Yesterday morning we took Chloe to the vet to see if it was time to put her down. The vet examined her and asked us a lot of questions about her behavior. She concluded that her kidneys were failing, she was severely dehydrated and had lost all muscle mass. She said there was little we could do to try to help her, if we tried to inject fluids, there was no muscle mass to absorb them. Even though she's been eating and drinking a lot, she wasn't getting any nutrition or hydration, everything went right through her. She was evidently always very hungry and thirsty but never feeling satisfied no matter how much she ate or drank. I felt horrible when I found that out. We had not thought of her suffering in that way and when the vet explained it to us, we knew it was time for us to let her go. The vet put a catheter into her leg and brought her back in to us wrapped in a blanket. I held her while the vet administered the medication through the catheter. It only took a few seconds and she was gone, quickly and peacefully. It was really one of the hardest things I've ever had to do. I didn't know how hard it would be. I'm glad we were there with her at the end but I cry every time I think about it. I cried a lot yesterday. And still today, everywhere I look, something reminds me of her and makes me emotional. 15 years is a long time to have a pet with you everyday so it's going to take awhile to get used to not having her here. Chloe was the first cat I've ever owned and it's due to her that I love cats so much now. She was also the first real pet my kids ever had. This is hitting Joshua particularly hard, he wasn't ready to let her go. Jeremy's sad too, but understands and wants to have a picture of her framed to keep on his wall. The vet gave us a little clay disc with her paw prints on it. I baked it so it would be hard and I'm going to frame it with her picture and tag.

I'm glad we still have Milo and Daphne. They're becoming good friends and they play together a lot now. They're keeping Don and I entertained and are good company, but they can't replace Chloe.

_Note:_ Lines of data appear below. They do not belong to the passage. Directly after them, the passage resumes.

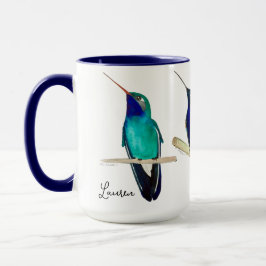 Custom Hummingbirds Mug マグカップ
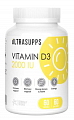Купить ultrasupps (ультрасаппс) витамин д3 2000ме, капсулы 60 шт бад в Кстово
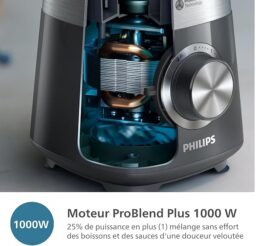 Image du fabricant 3 du Philips Blender mixeur Série 5000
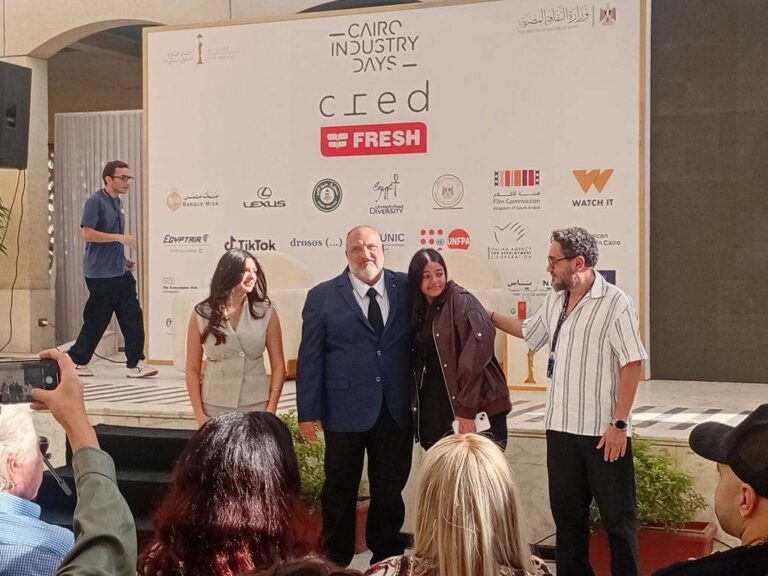 حفل-تأبين-لسامح-عبد-العزيز-في-«القاهرة-السينمائي»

Rest in peace, Chloe, we love you.

Saturday, December 26, 2009

A Wonderful Christmas

We had a really nice Christmas. It's been different since Joshua and Jeremy left home - Christmas morning is much more laid-back and quiet, but it's still very nice for Don and I to celebrate together. The kids came over late afternoon and stayed several hours. We had a turkey dinner and Lily really appreciated my Raspberry and Lemon parfait salad. It's so nice to have another woman in the family to share and appreciate the things I like.

Don and I got a laptop for each other and I also bought him some small tools and peanuts (of course). He gave me 2 bottles of perfume (really good stuff), my traditional Christmas book (this year a beautiful pop-up for my pop-up book collection), some slippers and macadamia nut clusters. Joshua and Lily got me a wireless mouse for the laptop and Don some nuts and a book on Aviation. I was so excited to give Joshua and Lily the camera we'd gotten them, but they didn't seem very surprised when they opened it. I found out Jeremy had accidentally told them they were getting it. Joshua had said to him, "you know what Mom and Dad are getting me, don't you?" Jeremy, thinking that Joshua somehow already knew said, "yeah, a camera, right?" Then he realized that Joshua hadn't known and felt horrible. Anyway, they were really happy with it, so I guess it's fine but I wish it would have been a surprise.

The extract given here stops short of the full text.